Columnstore Index Enhancements – data compression, estimates and savings

Data compression is required to reduce database storage size as well as improving performance for the existing data. SQL Server 2008 introduced Data compression as an enterprise version feature. Further to this, SQL Server 2016 SP1 and above supports data compression using the standard edition as well.

As per Microsoft docs, SQL Server 2017 and Azure SQL Database support row and page compression for rowstore tables and indexes, and supports columnstore and columnstore archival compression for columnstore tables and indexes.

We used to analyze the objects using the stored procedure sp_estimate_data_compression_savings. This procedure gives the estimated object size of the object after the specified compression. Until SQL Server 2017, we can estimate indexes, indexed views, heaps using this procedure.

In my previous article, Columnstore Index Enhancements in SQL Server 2019 – Part 1, we learned Columnstore index stats update in clone databases. SQL Server 2019 also provides enhancement to sp_estimate_data_compression_savings. In this article, we will explore the benefit out of it.

Syntax for sp_estimate_data_compression_savings is as below:

sp_estimate_data_compression_savings

[ @schema_name = ] 'schema_name'

, [ @object_name = ] 'object_name'

, [@index_id = ] index_id

, [@partition_number = ] partition_number

, [@data_compression = ] 'data_compression'

[;]

@schema_name: Schema of the object(table,index)
@object_name: Name of the table or indexed views
@index_id: we need to specify the ID of the index. If there is no index on the table, we can specify 0 or NULL
@partition_number: it is the partition number of the object. If there is no index, we need to specify NULL in this value as well
@data_compression: we can specify NONE, ROW, PAGE, COLUMNSTORE, or COLUMNSTORE_ARCHIVE in SQL Server 2019

When we create the columnstore index, we specify the data compression method to apply. There are two kinds of data compression applied to the columnstore index.

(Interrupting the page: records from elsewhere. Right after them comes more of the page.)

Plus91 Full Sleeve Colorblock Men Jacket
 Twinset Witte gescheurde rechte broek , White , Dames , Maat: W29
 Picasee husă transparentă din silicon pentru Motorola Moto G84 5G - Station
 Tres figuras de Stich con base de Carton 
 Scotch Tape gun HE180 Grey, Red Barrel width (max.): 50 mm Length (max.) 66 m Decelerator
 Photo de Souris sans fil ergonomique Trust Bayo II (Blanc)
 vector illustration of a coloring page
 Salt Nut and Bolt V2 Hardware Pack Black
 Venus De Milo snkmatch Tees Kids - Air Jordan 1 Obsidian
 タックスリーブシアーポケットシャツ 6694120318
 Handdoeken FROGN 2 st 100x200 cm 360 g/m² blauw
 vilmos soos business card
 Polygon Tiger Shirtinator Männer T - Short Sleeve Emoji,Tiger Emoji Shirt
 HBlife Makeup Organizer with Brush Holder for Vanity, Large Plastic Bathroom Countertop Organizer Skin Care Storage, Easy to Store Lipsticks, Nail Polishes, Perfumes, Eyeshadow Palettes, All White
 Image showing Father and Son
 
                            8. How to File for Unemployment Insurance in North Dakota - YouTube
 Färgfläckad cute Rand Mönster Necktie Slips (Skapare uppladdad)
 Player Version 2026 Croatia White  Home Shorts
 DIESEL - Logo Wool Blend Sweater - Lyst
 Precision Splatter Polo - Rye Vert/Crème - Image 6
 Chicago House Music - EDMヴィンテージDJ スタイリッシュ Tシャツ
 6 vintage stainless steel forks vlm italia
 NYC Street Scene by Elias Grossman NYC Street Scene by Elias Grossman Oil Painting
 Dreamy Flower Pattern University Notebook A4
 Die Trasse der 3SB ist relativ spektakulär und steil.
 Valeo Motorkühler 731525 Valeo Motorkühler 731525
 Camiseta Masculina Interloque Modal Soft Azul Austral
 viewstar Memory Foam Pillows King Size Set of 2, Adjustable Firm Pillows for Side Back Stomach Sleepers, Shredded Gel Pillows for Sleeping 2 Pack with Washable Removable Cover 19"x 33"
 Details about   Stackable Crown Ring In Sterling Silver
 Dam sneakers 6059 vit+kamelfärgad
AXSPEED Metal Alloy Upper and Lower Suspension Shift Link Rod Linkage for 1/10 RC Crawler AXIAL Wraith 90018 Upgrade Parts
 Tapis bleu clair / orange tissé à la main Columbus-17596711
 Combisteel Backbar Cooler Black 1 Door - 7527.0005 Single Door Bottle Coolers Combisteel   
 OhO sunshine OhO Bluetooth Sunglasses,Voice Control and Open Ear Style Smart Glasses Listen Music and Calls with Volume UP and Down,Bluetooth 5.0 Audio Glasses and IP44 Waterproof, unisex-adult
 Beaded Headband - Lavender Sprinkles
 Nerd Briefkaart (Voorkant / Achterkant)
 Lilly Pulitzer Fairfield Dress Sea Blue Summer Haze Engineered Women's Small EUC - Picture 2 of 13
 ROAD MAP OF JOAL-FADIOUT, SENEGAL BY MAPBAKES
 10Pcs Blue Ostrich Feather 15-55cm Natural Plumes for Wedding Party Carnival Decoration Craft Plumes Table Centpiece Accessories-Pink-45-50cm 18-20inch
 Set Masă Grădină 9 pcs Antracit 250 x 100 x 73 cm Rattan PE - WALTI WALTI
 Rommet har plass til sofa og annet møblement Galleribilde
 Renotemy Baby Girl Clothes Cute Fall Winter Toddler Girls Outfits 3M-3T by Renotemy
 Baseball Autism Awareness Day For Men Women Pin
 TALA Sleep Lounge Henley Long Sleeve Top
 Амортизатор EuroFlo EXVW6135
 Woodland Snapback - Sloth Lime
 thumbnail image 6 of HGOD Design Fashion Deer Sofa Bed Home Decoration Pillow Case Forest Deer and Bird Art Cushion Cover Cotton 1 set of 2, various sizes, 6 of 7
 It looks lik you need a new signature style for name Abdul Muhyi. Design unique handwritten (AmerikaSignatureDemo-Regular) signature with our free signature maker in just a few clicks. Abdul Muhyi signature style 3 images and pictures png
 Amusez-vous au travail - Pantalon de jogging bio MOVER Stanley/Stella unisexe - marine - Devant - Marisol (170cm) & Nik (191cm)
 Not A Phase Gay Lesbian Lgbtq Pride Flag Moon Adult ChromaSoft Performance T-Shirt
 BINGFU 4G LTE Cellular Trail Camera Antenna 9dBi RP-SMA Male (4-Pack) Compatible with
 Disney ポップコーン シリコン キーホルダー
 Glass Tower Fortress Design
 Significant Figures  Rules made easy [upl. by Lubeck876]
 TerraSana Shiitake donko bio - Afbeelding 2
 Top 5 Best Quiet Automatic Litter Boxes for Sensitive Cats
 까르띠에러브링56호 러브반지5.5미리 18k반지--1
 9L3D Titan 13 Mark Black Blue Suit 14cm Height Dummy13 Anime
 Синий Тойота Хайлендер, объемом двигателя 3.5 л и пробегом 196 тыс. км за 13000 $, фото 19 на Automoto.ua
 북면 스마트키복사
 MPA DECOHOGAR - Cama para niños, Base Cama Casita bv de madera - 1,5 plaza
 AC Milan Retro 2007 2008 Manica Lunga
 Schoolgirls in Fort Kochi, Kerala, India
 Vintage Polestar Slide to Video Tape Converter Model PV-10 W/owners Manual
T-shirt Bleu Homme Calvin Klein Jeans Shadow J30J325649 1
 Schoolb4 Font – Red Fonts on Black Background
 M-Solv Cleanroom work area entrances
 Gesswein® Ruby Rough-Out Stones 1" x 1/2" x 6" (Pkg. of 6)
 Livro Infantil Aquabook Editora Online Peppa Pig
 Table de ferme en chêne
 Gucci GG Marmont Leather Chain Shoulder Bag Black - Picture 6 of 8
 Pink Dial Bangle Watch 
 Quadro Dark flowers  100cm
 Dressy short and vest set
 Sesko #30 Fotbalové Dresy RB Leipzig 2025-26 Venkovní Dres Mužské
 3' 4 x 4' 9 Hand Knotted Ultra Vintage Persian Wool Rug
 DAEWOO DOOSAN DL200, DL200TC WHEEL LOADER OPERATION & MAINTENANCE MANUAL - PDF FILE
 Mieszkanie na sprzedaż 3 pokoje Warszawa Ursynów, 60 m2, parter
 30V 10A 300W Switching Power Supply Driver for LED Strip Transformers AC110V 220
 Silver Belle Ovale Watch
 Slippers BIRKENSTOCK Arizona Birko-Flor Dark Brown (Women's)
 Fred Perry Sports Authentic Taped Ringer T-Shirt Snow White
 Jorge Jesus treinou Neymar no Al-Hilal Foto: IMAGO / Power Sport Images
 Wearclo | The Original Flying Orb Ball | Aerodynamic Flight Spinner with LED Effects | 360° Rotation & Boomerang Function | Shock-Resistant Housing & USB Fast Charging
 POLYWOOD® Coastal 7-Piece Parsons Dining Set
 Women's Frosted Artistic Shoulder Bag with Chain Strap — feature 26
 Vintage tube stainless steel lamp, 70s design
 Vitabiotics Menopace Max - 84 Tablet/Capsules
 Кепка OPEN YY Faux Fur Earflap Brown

COLUMNSTORE: It is the default compression option is the default and specifies to compress data with the columnstore compression
COLUMNSTORE_ARCHIVE: we can compress data further by using this option. This is useful to compress data that is used very less frequent. This type of compression takes extra system resources in terms of CPU and Memory

Until SQL Server 2017, sp_estimate_data_compression_savings works for row or page store data compression. This actually takes a sampling of the source object pages and creates them in the tempdb using the specified compression. Now we have two objects- source and the sampling object in tempdb. Both the objects are compared to calculate the estimated size of the object after compression.

In SQL Server 2019, this procedure works differently for the columnstore a columnstore_archive data compression options. It actually creates a new columnstore index with the specified data compression state columnstore or columnstore_archive. Therefore, in SQL Server 2019, we compare with an equivalent columnstore object. The type of the source object defines the destination columnstore index. The below table shows the mapping between source and reference object if data compression state is columnstore or columnstore_archive.

Source	Reference
Heap or Clustered index or clustered columnstore index	Clustered columnstore index
Non-clustered index or non clustered columnstore index	Non-clustered columnstore index

Likewise, if the source object is a columnstore index, we can use below reference table

Source	Reference
clustered columnstore index	Heap
non clustered columnstore index	Non-clustered index

Before we move further, let me give an overview of the important columns in the output of the stored procedure

object_name: Object (table, index name)
size_with_current_compression_setting: This column represents current size of the table, index
size_with_requested_compression_setting: This column shows the estimated size of the table, index, with the data compression specified
sample_size_with_current_compression_setting: this column shows the size of the current sample compression
sample_size_with_requested_compression_setting (KB): this represents the size of the sample created using the specified compression option

Now let us perform the demonstration. For this purpose, we will be using the StockItemTransactions table in the WideWorldImporters database in SQL Server 2019.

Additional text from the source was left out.